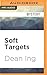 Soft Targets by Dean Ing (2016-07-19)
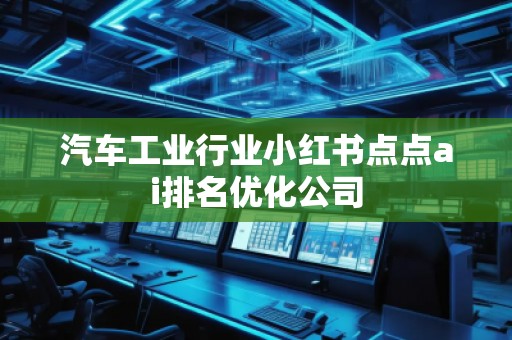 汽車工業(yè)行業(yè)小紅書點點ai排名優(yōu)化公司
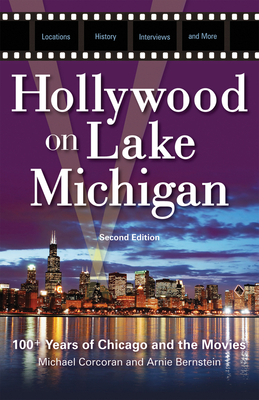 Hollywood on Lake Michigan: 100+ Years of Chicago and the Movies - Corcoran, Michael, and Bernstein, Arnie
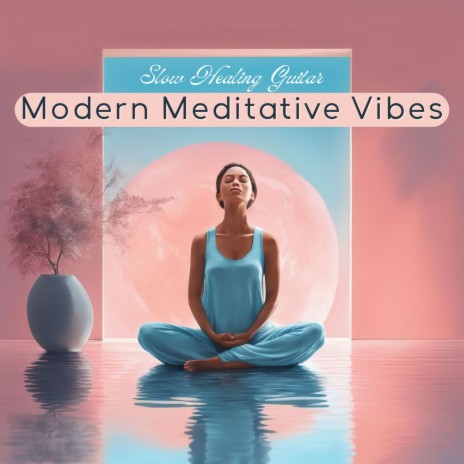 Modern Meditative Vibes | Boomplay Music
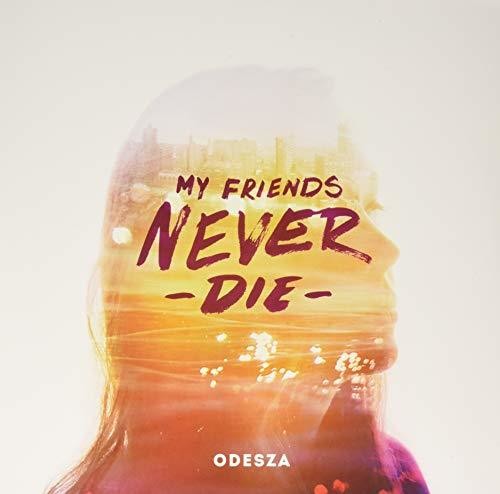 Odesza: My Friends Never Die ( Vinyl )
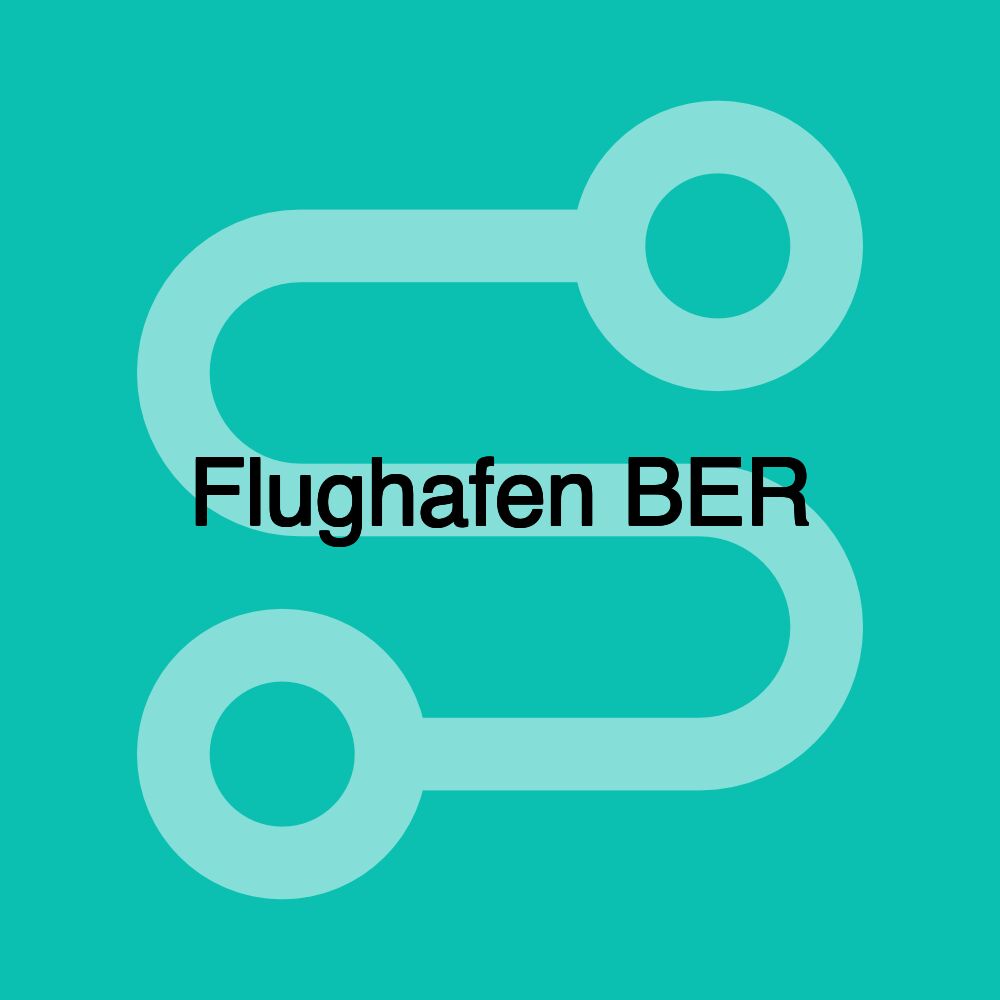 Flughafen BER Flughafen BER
....................
*WHAT IS REQUIRED*: Please transcribe every entry exactly as written, leaving the pictures out.

*COMPLETED EXERCISE*:
 Soft Targets by Dean Ing (2016-07-19)
 汽車工業(yè)行業(yè)小紅書點點ai排名優(yōu)化公司
 Hollywood on Lake Michigan: 100+ Years of Chicago and the Movies - Corcoran, Michael, and Bernstein, Arnie
 Modern Meditative Vibes | Boomplay Music
 Odesza: My Friends Never Die ( Vinyl )
 Flughafen BER Flughafen BER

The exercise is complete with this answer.